# Given records

┄┄┄┄┄┄┄┄┄┄

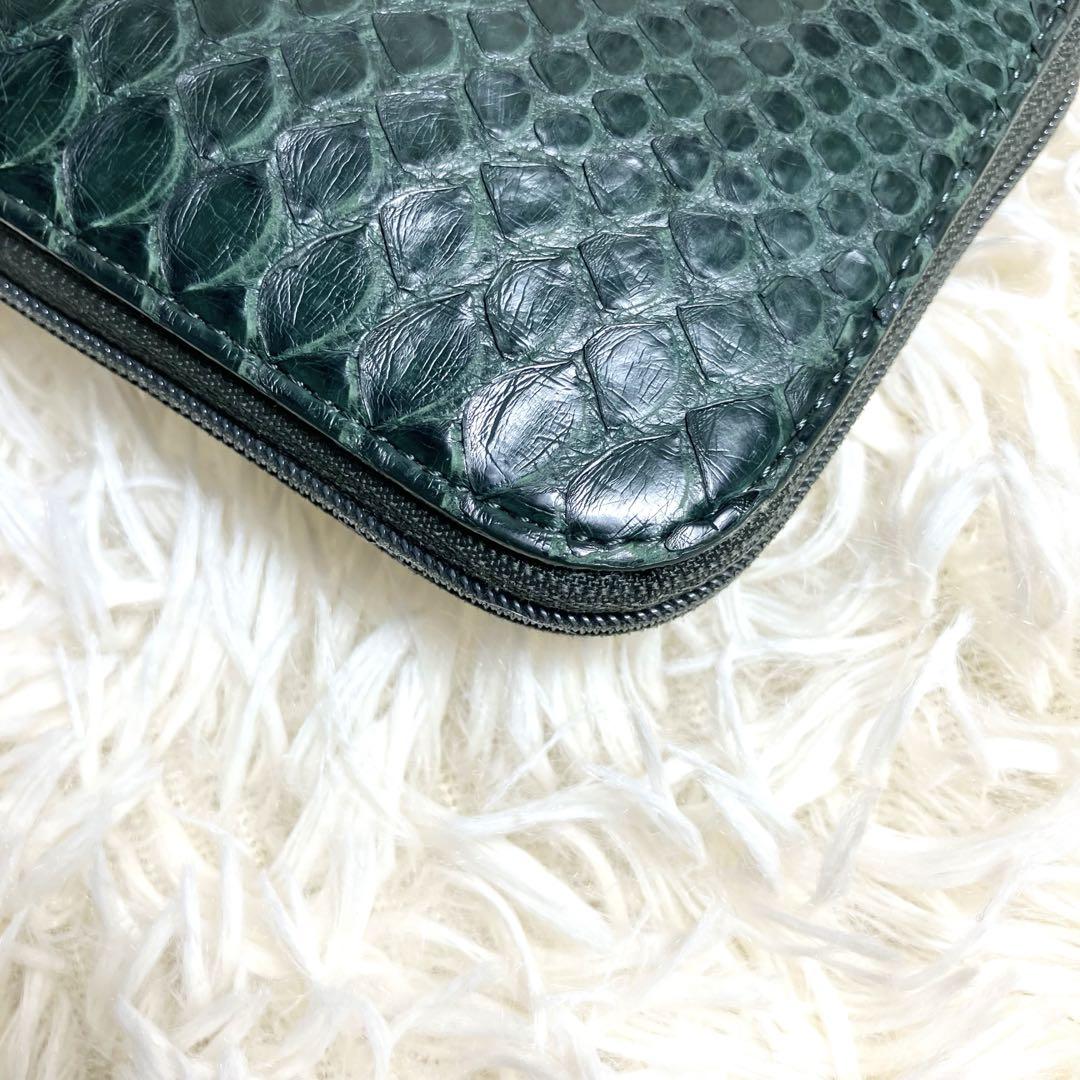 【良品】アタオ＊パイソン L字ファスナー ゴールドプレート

┄┄┄┄┄┄┄┄┄┄

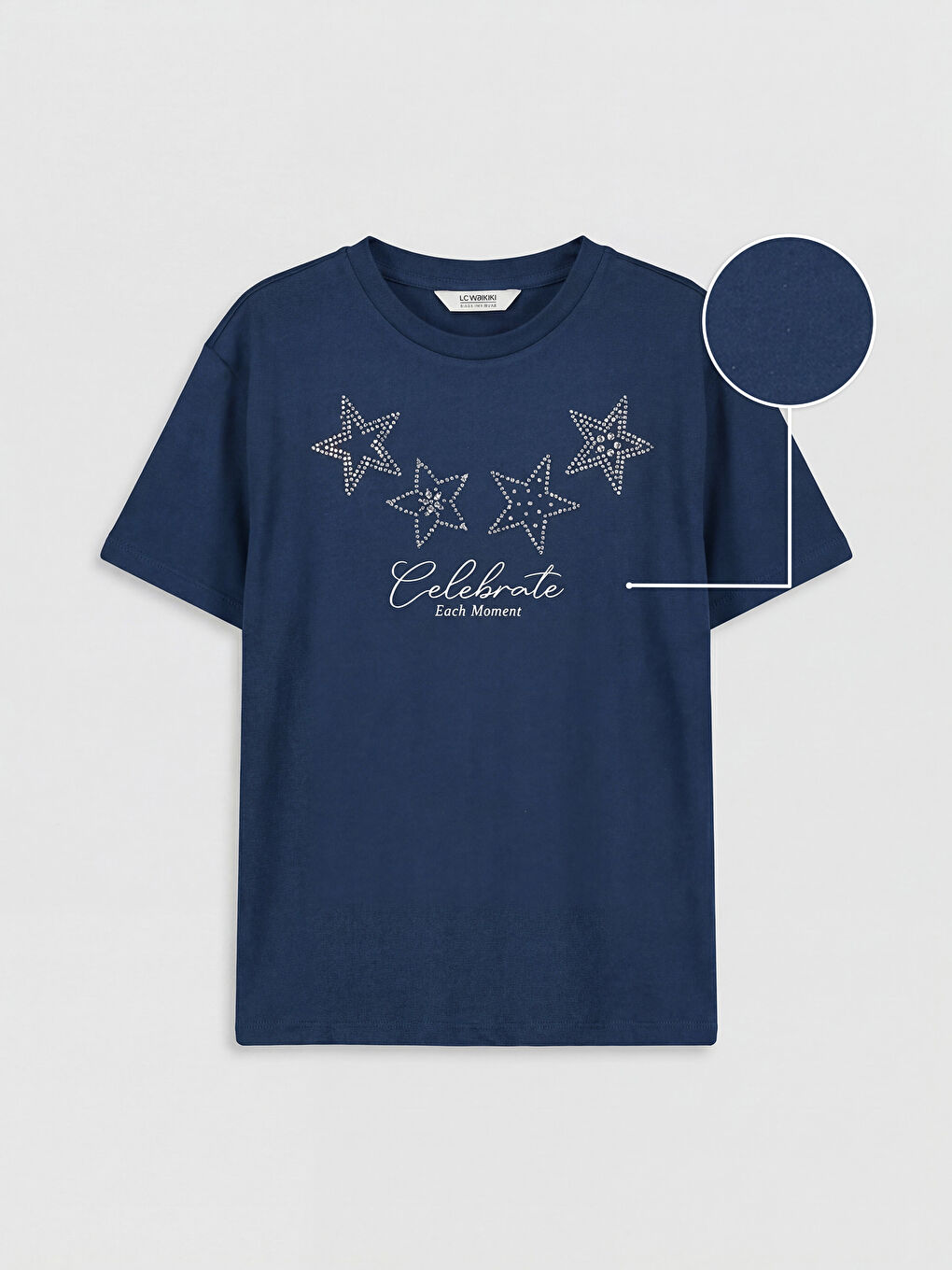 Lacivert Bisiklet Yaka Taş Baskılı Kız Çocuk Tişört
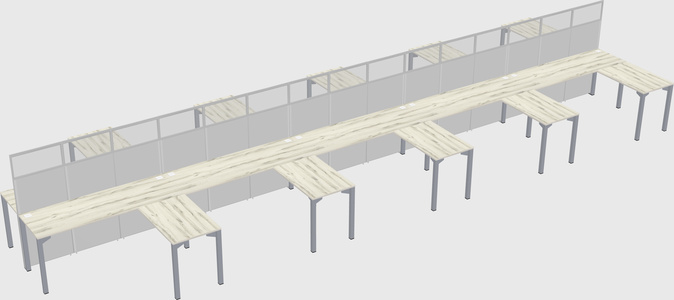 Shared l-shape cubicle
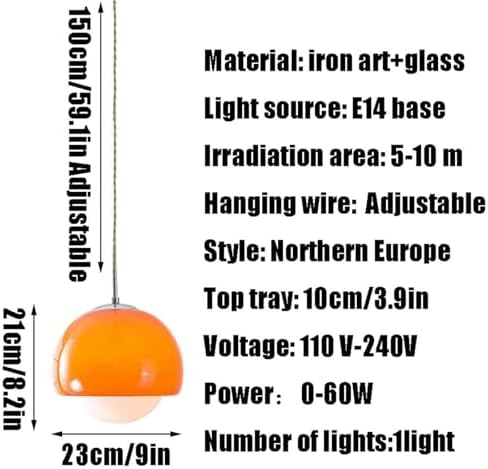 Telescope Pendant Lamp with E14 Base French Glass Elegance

┄┄┄┄┄┄┄┄┄┄

# Directions
Starting at the line above that holds "Lacivert Bisiklet Yaka", return each line up to and including the one that holds "Telescope Pendant Lamp", exactly as written, minus any pictures.

# Answer box
 Lacivert Bisiklet Yaka Taş Baskılı Kız Çocuk Tişört
 Shared l-shape cubicle
 Telescope Pendant Lamp with E14 Base French Glass Elegance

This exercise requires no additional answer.